Task details ::
The output must contain exactly the lines from the top of the listing below through the line containing "427987 Фигурка Яйцо YAYPAN ?71, H87 фарфор, лиловый в", and no pictures.

Given data ::
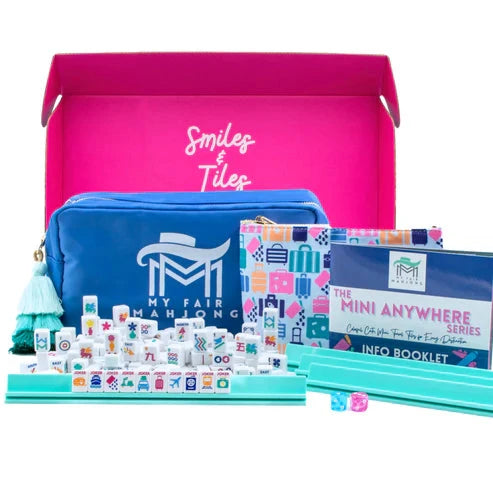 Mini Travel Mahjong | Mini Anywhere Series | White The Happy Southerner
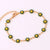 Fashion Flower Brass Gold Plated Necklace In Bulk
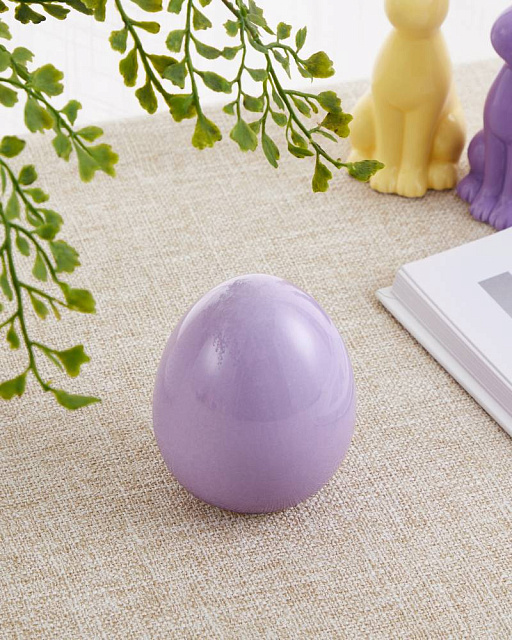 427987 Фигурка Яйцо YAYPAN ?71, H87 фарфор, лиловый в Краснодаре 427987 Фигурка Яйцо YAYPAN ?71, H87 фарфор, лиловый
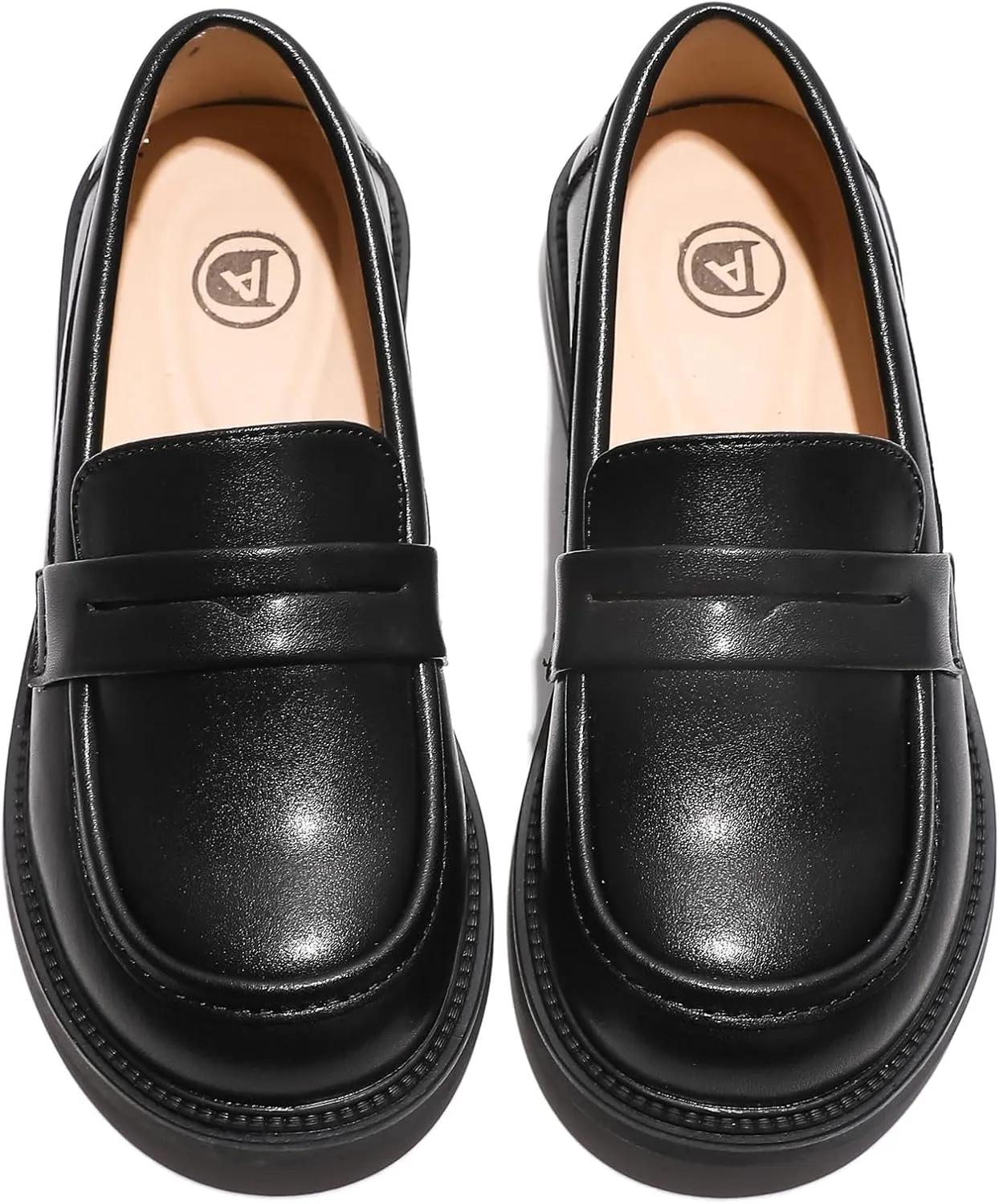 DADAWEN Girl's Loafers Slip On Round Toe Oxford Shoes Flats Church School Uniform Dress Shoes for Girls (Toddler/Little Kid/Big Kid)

Solution below ::
 Mini Travel Mahjong | Mini Anywhere Series | White The Happy Southerner
 Fashion Flower Brass Gold Plated Necklace In Bulk
 427987 Фигурка Яйцо YAYPAN ?71, H87 фарфор, лиловый в Краснодаре 427987 Фигурка Яйцо YAYPAN ?71, H87 фарфор, лиловый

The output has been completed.